Equilibriated RNN for speech enhancement

In this repository, real-time speech enhancement method using the equilibriated recurrent neural network (ERNN) for the T-F mask estimator [1] is impremented using Chainer.

Our paper can be found here. If you use codes in this repository, please cite this paper.

In our paper, VoiceBank-DEMAND dataset [2] (available here) is used.


We have tested these codes on follwoing environment:

  • Python 3.6.4
  • Chainer 6.2.0
  • NumPy 1.17.2
  • CuPy 6.2.0
  • CUDA Runtime Version 10100
  • cuDNN Version 7500

Usage example

A set of Python codes for training and test are available.

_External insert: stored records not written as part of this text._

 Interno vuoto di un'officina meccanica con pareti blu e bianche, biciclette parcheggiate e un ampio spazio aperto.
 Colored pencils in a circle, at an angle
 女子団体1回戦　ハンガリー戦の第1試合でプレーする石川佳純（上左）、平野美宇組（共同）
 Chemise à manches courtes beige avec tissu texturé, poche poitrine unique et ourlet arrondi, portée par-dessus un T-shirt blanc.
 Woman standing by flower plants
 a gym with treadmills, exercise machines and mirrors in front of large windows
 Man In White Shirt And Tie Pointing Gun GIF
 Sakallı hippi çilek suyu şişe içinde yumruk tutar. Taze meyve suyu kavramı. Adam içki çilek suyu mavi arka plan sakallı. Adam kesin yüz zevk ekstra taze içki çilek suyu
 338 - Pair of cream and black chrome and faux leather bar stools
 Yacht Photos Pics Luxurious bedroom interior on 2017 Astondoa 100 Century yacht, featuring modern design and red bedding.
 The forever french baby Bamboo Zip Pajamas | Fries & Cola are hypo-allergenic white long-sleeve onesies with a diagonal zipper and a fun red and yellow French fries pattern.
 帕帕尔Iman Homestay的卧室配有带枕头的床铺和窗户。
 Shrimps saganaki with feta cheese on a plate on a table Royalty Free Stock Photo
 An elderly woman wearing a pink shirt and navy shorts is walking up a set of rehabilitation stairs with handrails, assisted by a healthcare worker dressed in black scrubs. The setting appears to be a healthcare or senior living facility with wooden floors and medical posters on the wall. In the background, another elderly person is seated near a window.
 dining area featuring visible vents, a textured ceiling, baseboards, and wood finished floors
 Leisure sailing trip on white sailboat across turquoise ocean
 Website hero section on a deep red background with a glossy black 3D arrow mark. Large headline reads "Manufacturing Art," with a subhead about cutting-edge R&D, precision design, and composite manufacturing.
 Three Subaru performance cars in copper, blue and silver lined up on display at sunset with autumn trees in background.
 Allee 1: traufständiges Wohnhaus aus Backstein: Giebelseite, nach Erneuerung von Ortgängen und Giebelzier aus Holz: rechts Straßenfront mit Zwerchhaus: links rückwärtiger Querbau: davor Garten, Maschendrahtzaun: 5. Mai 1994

Run "01_train.py" to train a model
Run "02_test.py" to evaluate a model
Note that paths in each code need to be changed for your environment.


[1] D. Takeuchi, K. Yatabe, Y. Koizumi, Y. Oikawa, and N. Harada, “Real-time speech enhancement using equilibriated RNN,” in 2020 IEEE Int. Conf. Acoust. Speech Signal Process. (ICASSP), 2020. (accepted)

[2] C. Valentini-Botinho, X. Wang, S. Takaki, and J. Yamagishi, “Investigating RNN-based speech enhancement methods for noise-robust Text-to-Speech.,” in 9th ISCA Speech Synth. Workshop, 2016, pp. 146–152.